With regard to i-NOS activity in graft tissues, significant differences might be expected between the isograft, allograft and AG groups. However, no significant difference in i-NOS activity was detected between the allograft and AG group. We believe that this discrepancy might be due to the methods used for measuring in vivo i-NOS activity. Presumably AG showed no competitive inhibitory effect on L-arginine, the precursor in NO production, because of the reversible, weak binding to i-NOS protein; therefore, in the process of extraction, after adding an excess of L-arginine following tissue homogenization, AG was expected to be released and devitalized, leading to reactivation of remaining i-NOS protein in tissues.18 Consequently, in the AG group, i-NOS activity in tissues per se was suspected to be low enough to suppress NO production, with a decreased plasma NOx level and amelioration of graft injury.
Although i-NOS protein expression was detected in the AG group, AG inhibited I-NOS activity, suppressing NO production and ONOO- formation and thereby reducing cellular impairment. This drug action might account for the differences in renal function and histopathological findings observed between the allograft and AG group. In the AG group, O2– would remain in tissues, because of decreased production of NO. The injurious effects of O2– and the direct effects of cytokines must therefore also be considered. Edema in graft tissue was more pronounced in the AG group than in the allograft group. Because a high frequency of edema has been observed under conditions of abundant O2– production, such as bronchial asthma,19 the edema observed in the present study does not represent an entirely unexpected finding.

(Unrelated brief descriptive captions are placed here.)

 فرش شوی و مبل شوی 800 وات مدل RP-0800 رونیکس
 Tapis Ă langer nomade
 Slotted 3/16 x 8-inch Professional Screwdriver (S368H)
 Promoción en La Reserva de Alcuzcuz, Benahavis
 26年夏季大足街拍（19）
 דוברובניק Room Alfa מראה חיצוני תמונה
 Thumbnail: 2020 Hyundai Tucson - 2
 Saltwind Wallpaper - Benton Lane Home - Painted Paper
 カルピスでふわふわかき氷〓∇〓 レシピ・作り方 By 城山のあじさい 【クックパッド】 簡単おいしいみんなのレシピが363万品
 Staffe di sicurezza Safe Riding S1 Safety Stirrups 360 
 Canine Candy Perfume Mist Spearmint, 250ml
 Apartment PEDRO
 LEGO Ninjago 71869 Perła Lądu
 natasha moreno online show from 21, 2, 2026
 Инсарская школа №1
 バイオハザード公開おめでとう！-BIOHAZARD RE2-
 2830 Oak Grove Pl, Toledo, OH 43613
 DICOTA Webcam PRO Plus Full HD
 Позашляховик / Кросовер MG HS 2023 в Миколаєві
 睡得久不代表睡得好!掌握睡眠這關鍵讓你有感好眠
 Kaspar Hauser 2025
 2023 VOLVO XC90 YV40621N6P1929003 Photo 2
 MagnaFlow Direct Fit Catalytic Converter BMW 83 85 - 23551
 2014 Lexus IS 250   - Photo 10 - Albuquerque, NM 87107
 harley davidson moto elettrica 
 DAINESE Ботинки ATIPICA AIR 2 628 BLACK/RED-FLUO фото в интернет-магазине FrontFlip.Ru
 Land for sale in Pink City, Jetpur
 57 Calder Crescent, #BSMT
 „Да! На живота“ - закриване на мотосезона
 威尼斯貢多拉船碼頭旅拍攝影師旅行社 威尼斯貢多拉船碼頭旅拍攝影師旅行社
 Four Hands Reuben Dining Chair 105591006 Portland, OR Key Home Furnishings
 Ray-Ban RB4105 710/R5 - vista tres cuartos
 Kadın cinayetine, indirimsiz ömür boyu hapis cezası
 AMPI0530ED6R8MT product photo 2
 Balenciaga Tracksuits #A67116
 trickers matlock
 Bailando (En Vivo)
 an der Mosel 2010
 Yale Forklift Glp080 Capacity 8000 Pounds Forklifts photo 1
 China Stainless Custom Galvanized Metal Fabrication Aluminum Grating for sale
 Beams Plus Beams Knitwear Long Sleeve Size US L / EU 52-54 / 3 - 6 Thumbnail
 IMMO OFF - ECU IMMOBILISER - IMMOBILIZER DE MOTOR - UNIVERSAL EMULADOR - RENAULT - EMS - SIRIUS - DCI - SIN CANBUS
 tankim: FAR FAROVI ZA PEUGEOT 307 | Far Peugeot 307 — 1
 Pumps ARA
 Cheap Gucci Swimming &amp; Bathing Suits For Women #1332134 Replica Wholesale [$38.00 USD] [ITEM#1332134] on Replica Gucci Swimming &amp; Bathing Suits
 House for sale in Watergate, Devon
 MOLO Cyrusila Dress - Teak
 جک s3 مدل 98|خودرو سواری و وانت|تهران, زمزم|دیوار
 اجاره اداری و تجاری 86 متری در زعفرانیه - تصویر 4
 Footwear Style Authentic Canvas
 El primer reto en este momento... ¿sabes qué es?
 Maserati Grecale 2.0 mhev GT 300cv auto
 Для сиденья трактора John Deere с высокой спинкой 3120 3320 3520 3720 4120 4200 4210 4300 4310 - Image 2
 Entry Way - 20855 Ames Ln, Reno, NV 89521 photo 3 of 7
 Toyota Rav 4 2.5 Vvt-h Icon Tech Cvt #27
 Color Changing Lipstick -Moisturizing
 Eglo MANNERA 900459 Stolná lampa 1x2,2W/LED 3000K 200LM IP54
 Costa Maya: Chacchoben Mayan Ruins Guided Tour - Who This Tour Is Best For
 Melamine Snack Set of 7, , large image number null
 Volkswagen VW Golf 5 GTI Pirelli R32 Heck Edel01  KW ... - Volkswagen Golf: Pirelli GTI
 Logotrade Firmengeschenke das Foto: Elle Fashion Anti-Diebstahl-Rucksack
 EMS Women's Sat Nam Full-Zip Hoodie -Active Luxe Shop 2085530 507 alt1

In future studies, co-administration of i-NOS inhibitor with an agent capable of removing O2–, such as superoxide dismutase (SOD), or inhibitors of xanthine oxidase (an O2– producing agent), such as allopurinol, might more effectively reduce the tissue or cellular injury. In a mouse model with influenza virus-induced pneumonia, co-administration of the NOS inhibitor, NG-monomethyl-L-arginine, with SOD and allopurinol resulted in improvement of disease parameters and survival rate.20,21
Recently, the development of new immunosuppressants such as cyclosporine A and FK506 have markedly improved graft survival and substantially decreased the frequency of acute rejection episodes.22 However, poor absorption of immunosuppressants might result in low blood concentrations, allowing the development of acute rejection and graft injury. In these cases, although symptoms and abnormal laboratory results permit diagnosis to a certain extent, early diagnostic markers have remained unavailable. Initiation of treatment is therefore often delayed, during which time tissue injury progresses. Accelerated acute rejection caused by low blood concentration of immunosuppressants due to poor absorption occurs most frequently on days 4–7 post-transplant. During this latent period, prophylactic administration of i-NOS inhibitor, SOD or allopurinol seems likely to prevent tissue injury and benefit therapy.
When acute rejection occurs, an increased NO production is thought to accompany inflammatory cell infiltration into the graft tissue. Takahashi et al. reported the usefulness of measuring serum NOx level as an early indicator of acute rejection in human recipients of renal allograft.23 However, in order to ensure its efficacy, a further multistudy is needed in the future.